__Provided material__:

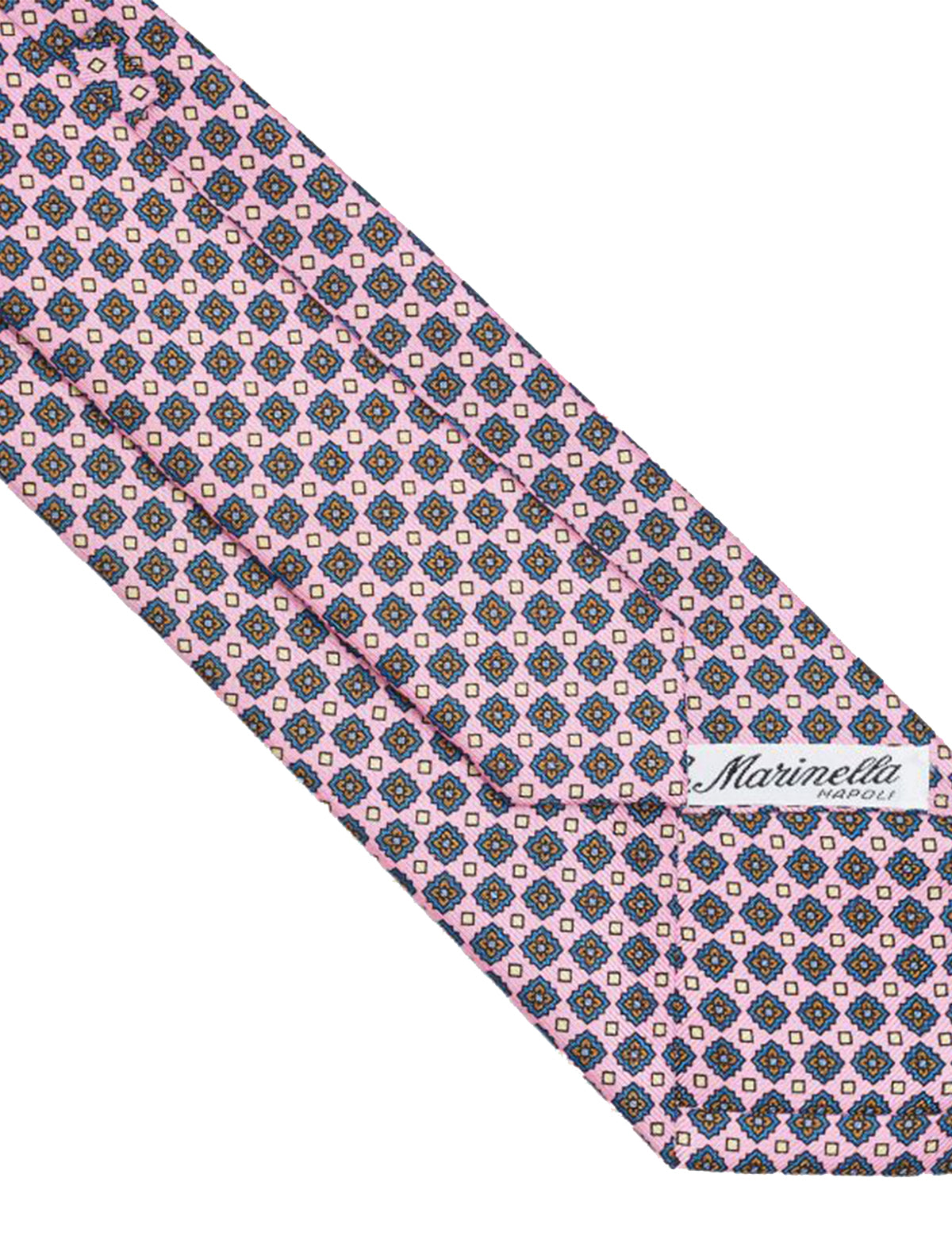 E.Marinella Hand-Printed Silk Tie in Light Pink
...
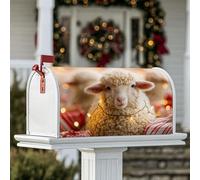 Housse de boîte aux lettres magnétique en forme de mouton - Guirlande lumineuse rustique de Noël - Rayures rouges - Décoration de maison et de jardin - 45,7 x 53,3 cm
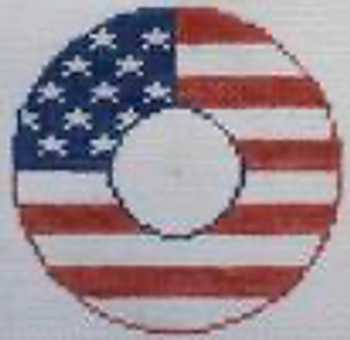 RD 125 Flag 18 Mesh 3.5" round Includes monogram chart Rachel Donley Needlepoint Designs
* * *
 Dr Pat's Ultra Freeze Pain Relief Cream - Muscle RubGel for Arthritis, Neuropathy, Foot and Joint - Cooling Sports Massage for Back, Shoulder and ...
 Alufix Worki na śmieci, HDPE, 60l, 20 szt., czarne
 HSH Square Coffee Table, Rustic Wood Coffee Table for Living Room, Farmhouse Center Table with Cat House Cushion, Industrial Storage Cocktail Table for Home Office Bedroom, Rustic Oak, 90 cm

__The problem__: In the entries above, the lines between the one holding "Dr Pat's Ultra" and the one holding "Alufix Worki na", inclusive, are to be printed exactly as written, and those alone.

__Solution for this task__:
 Dr Pat's Ultra Freeze Pain Relief Cream - Muscle RubGel for Arthritis, Neuropathy, Foot and Joint - Cooling Sports Massage for Back, Shoulder and ...
 Alufix Worki na śmieci, HDPE, 60l, 20 szt., czarne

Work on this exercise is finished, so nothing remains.